The Chevalier d’Eon, unquestionably falls outside the heteronormative gender binary. Mary Frith’s combination of crossdressing, drinking in taverns, and smoking seem to point to Mary also landing squarely outside the gender norms of their day. Though Julie d’Aubigny’s frequency of performing en travesti is low, her thrilling personal life, both romantic and platonic, was full of performative acts that leave little doubt as to their queerness. Madame Vestris seems to have used crossdressing as a vehicle to fame but that is where the queerness ends. However, her entrance into and ultimate success in a male dominated theater scene was an important break from hegemonic gender constructs. Although Eugene d’Ameli’s career in blackface calls into question compassion and decency, it is a fact that he was one of the best minstrel performers of his generation. As a female impersonator and possible dandy, he lived both his professional and personal lives in the queer realm.

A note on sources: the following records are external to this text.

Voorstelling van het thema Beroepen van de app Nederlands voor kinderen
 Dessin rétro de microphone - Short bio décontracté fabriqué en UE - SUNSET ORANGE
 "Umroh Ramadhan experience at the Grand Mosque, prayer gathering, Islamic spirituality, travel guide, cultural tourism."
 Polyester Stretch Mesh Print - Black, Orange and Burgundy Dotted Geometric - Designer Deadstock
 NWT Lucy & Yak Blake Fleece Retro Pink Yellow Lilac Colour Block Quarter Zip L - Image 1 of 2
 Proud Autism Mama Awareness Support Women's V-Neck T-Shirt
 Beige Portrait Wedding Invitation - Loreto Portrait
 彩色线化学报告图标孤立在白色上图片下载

I partially agree with Butler’s simplified assertion but in my own experience as a queer person/artist/musician, I recognize that there are feelings and intuitions, admittedly based on preconceived social constructs, that inspire the performativity referenced by Butler: that gender is not just a doing but also a being. However, there is a value in the simplified version as it provides an objective framework by which we can offer alternative readings to individuals that were undeniably fantastic in their being, fantastic as in outside of the ordinary, whose observable performative acts were undoubtedly not in line with their contemporary binary construct.
Even with the limitations encountered with traditional resources, as the research continued it became even clearer that queerness has existed at all times and in many different areas of the music performance universe. Fortunately, in the last thirty years with the addition of gender and queer studies in higher education institutions, printed and web-based literature over gender nonconformity has become more readily available making further study possible.